Less contentious have been the President’s visits to assorted historic sites and museums. In Egypt, though, museums are very much a divisive issue — over the question: Who owns the past? Marketplace’s Amy Scott reports from Cairo.


AMY SCOTT: You may have seen Zahi Hawass promoting Egypt on the Discovery Channel in his signature Indiana Jones hat.

ZAHI HAWASS: My job: I’m in charge of all Egypt antiquities….

Hawass is head of Egypt’s Supreme Council of Antiquities. He’s an archeologist charged with safeguarding the country’s cultural heritage.

Hawass has been battling the St. Louis Art Museum to return a 3,200-year-old mask he says was stolen from a storage room. And he’s campaigning to bring five major pieces back to Egypt, at least temporarily. Pieces like the Rosetta Stone from the British Museum, and the bust of Nefertiti from Berlin.

If the museums don’t comply, Hawass is threatening what he calls scientific action.

HAWASS: They excavate in Egypt, they restore in Egypt, they take photographs, they do things. We’ll tell them no. If you don’t cooperate with us, we’ll not cooperate with you.

Thousands of ancient treasures have left Egypt over the centuries. Many were carted away by archeologists with official blessings. Others were smuggled out and sold on the black market.

To stem the trade, Zahi Hawass has proposed stiffer penalties for smugglers. He’s also floated the idea of copyrighting Egyptian artifacts. The royalties would help pay for more than a dozen new museums under construction in Egypt.

HAWASS: I’m making big changes here, and I need money. And this money that I make of the replica, it’s not for Egypt to be rich, no. It’s to use in restoring these monuments that I believe . . . it does not belong to Egypt only, but belongs to everyone all over the world.

That’s just the point, says James Cuno, who directs the Art Institute of Chicago. He’s written a book: “Who Owns Antiquity?” Aside from sheer geography, Cuno says modern Egypt’s link to the Pharaonic civilization is tenuous.

JAMES CUNO: You know, it’s not in the religious practice, it’s not in the language, it’s not in the artistic practice, it’s not in any political relationships.

And he says claiming otherwise is dangerous.

CUNO: Culture is something that always is a very fluid and mongrel thing that is made by people and not by nations.
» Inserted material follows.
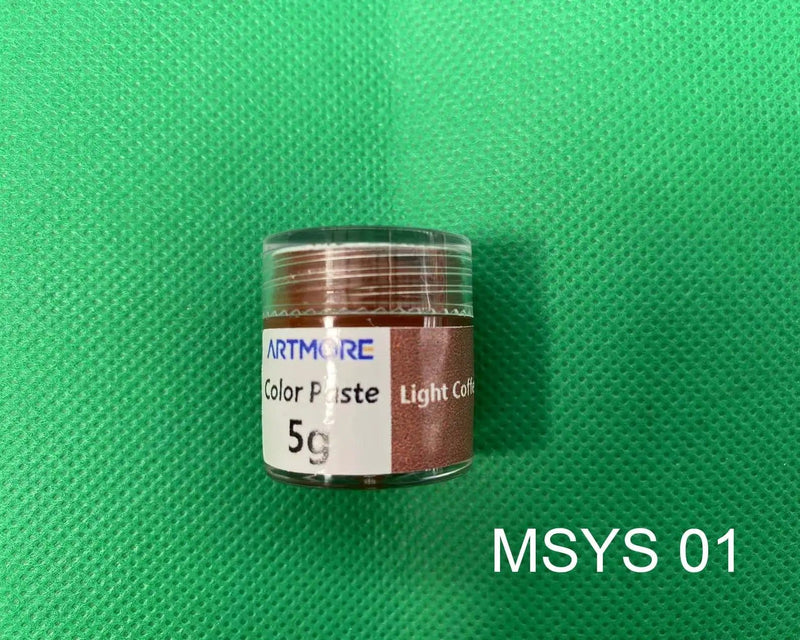 Pigment Pastes for Artmore Pro Cast AND Ecrylimer - Non-Toxic Casting Material- Not To Be Used With Resin - Light – view 1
And to put political borders around culture is to falsify the history of culture as we know it.

Yet the past is one of Egypt’s biggest money makers. Tourists who flocked to the pyramids and the Valley of the Kings brought in some $8 billion last season.

Hani El-Masri is an Egyptian artist. He’d like to see the Rosetta Stone stay right where it is.

HANI EL MASRI: I think these pieces are our best ambassadors all over the world. And they are enticing people to come and visit Egypt to see the source of all this wonderful work.

El Masri says he’d rather see Egypt restore its place as a cultural leader. The country is plagued by poverty, unemployment and political unrest.

EL MASRI: We can’t claim that we are the inheritants of these pieces until we really deserve to be the inheritants.

The century-old Egyptian Museum in Cairo is packed with more than 120,000 statues, sarcophagi, and other treasures. Relics shoved into corners and stacked on top of each other would be worthy of a national exhibition just about anyplace else in the world. But museum director Wafaa El-Sediq prefers it this way. When King Tutankhamun’s tomb was discovered in 1922, it was stuffed to the gills.

WAFAA AL SADDIQ: This is the way you find the tomb. Crowded. So ancient Egypt was very rich and the museum is very rich because of that.

Within a few years all that could change. The famous King Tut’s burial finery will be moved to the new Grand Museum near the Giza pyramids, complete with IMAX theater and fancy new exhibits.
And if Zahi Hawass has his way, lost treasures from the museums of Europe and the United States will be there for the opening.

In Cairo, I’m Amy Scott for Marketplace.